Tom's diary does not have any images of human remains other than a small one, showing German dead in a trench, surrounded by other small images of a destroyed world. There are very few images generally showing executions - there is one in the Musee de l'Armee in Paris which has clearly been taken through a hedge. It would not have been a scene anyone would have wished to record on camera, and yet it was something men of the regiment the victim had belonged to would be obliged to form the firing-squad or simply line up and watch.
This image was taken earlier in the war and on a happier occasion.
Yadram Singh's place of execution is clearly described and located by Tom.
All those who attended the execution are as documented by Tom as are some but not all of the members of the court martial (it seemed appropriate to have Griffin there).
Fact and Fiction
Griffin's attempt to convert the Hindu prisoner on the last night of his life is sadly true. My reading of the nature of Yadram Singh's crime is entirely based on the word abuse. There was sexual abuse on the Front - where there are many men without women enduring appalling hardship there is bound to be - but equally this could have been some other perceived form of injustice at the hands of Yadram's Woordi-Major. Tom writes that he was goaded to the limits of endurance. It would have had to have been a terrible act for Yadram to murder his victim, and then, moments before his death, to exhort others to shoot themselves rather than endure what he had had to.

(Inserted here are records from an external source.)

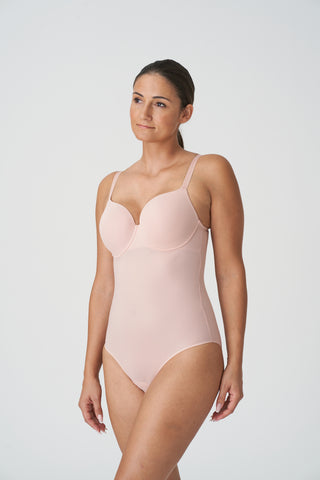 FIGURAS Powder Rose Glättende Body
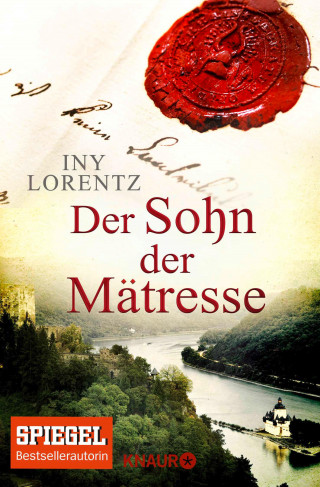 Iny Lorentz: Der Sohn der Mätresse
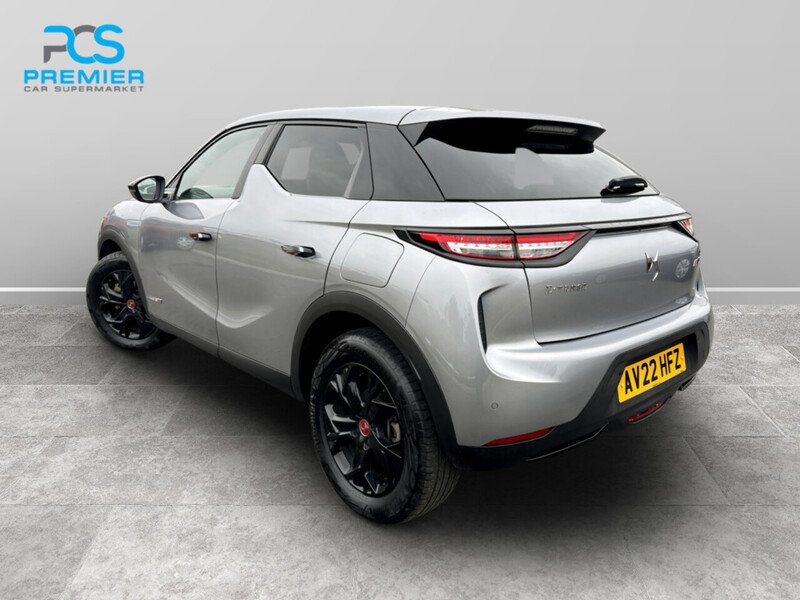 Used DS Automobiles DS 3 2022 for sale - 78118519: Photo 25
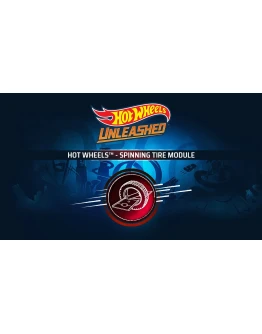 HOT WHEELS Spinning Tire Module Xbox Series XS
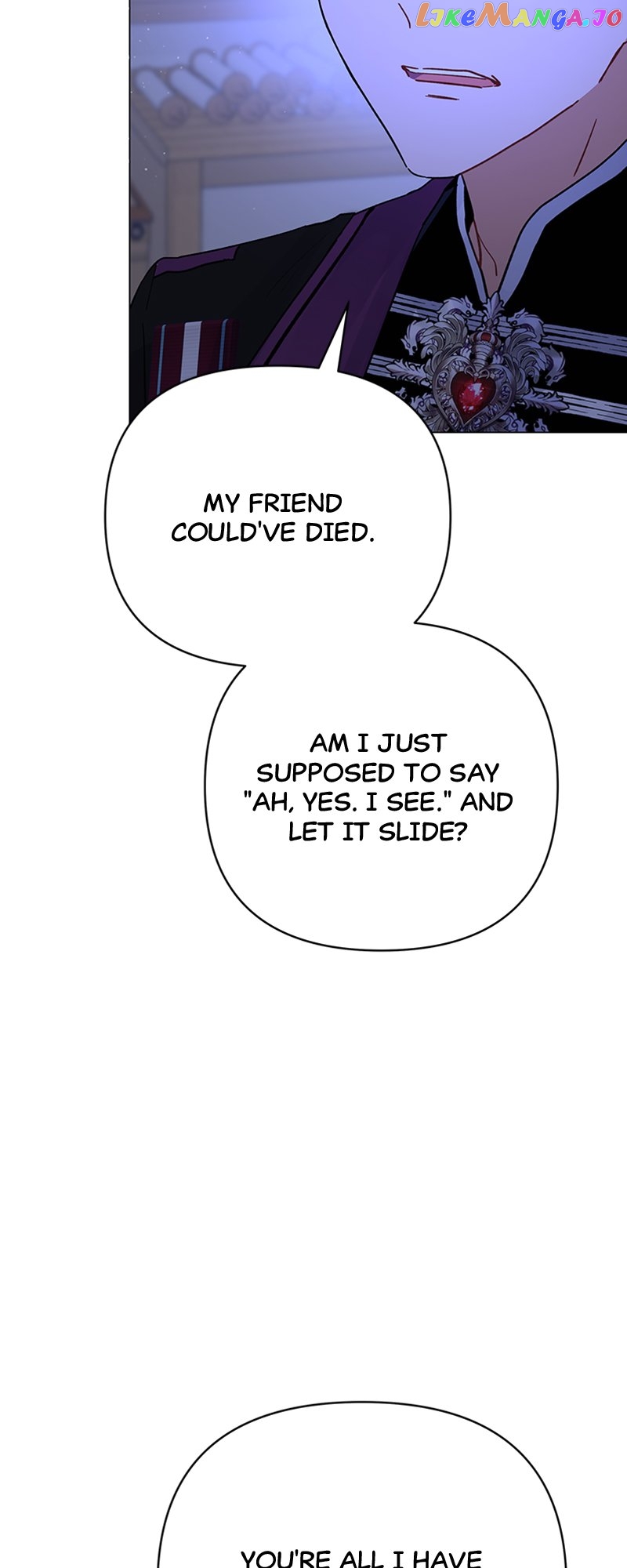 To Take a Mermaid’s Heart Chapter 51 - page 10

My family went through a period where revisionist historians seemed keen to demonise those responsible for upholding martial law and Tom among them. Certain sections of the diary are held within the Imperial War Museum but fortunately require our consent prior to their use. Tom did his best to carry out his orders in a humane fashion and the consequences of his actions affected him deeply. If he had refused to carry out the order of the court martial, he too would have been liable to trial and execution.